Vision of hope delivered country from intellectual straitjacket
Hume transformed language of nationalism in the North and legitimised peace as an achievable aspiration, writes Edward McCann
MY first vote in an election was for John Hume. It is a big step when you cast your ballot for the first time — a sign that you are now truly a grown-up with a say (and not just a stake) in how your society is run.
The year was 1994 and it was two months before the Provisional IRA declared its first ‘complete’ ceasefire. There was much speculation that a ceasefire might be coming, but things were still pretty grim.
Just 10 days after the vote, one of the most infamous atrocities of the Troubles occurred when loyalist terrorists burst into a pub in the rural hamlet of Loughinisland, killing six people. Seven others were murdered in that month — at a time when there was a feeling that the IRA was winding down its campaign.
I had grown up during the Troubles and, like all teenagers in Belfast, had not known anything else. The violence could ebb and flow. If you lived in the right area and were lucky you could lead a more or less normal existence — to a point.

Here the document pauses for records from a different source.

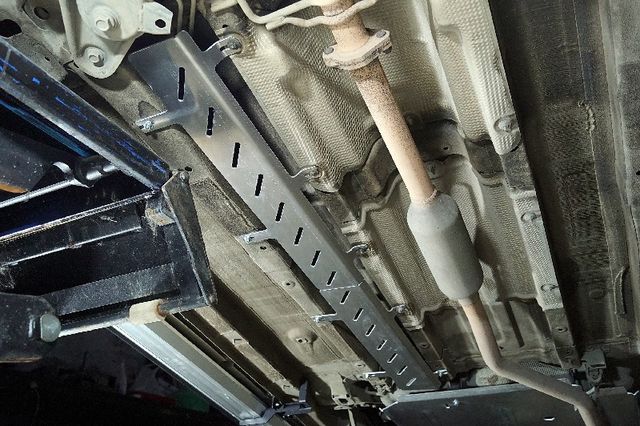 Защита алюминиевая ТСС (4 мм) для топливопровода GAC GS5 2020-2026. Артикул ZKTCC00627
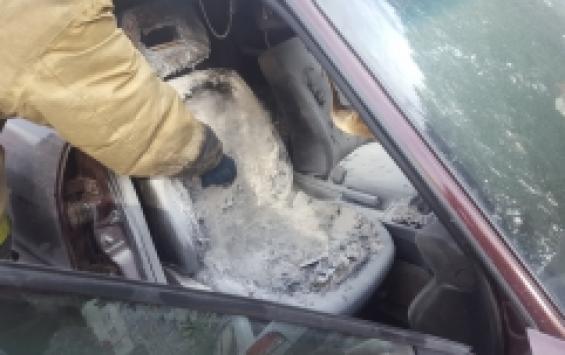 В центре Курска сгорел легковой автомобиль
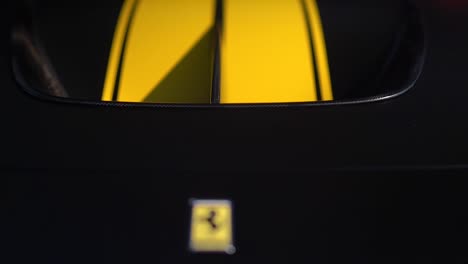 Enthüllen-Sie-Eine-Aufnahme-Eines-Ferrari-Schildes-Auf-Der-Motorhaube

The Troubles seeped corrosively into every aspect of life and you could only really avoid it if you went around with your eyes closed.
The weird and often warped society that existed in that era has been dissected brilliantly in Anna Burns’s majestic novel Milkman. It was deeply dysfunctional and paranoid, tribal and traumatised. She writes about: “The right butter. The wrong butter. The tea of allegiance. The tea of betrayal. There were ‘our shops’ and ‘their shops’.”
It was a place where even the most mundane of things was politicised.
For me, Hume was hope. I may have been a cynical teenager, but I saw in him a man with integrity and intellect — a man who was respected not just in the North but in Dublin, London, Washington and Strasbourg.
The latter aspect was very important as he widened our often much-too-narrow horizons. Strasbourg, in particular, seemed a very long way away in 1994.
Ian Paisley had infamously denounced Pope John
Paul II in the European Parliament and was bundled out of the chamber as he heckled him as the “Antichrist”. Not a great way for Northern Ireland to make an impression in Europe.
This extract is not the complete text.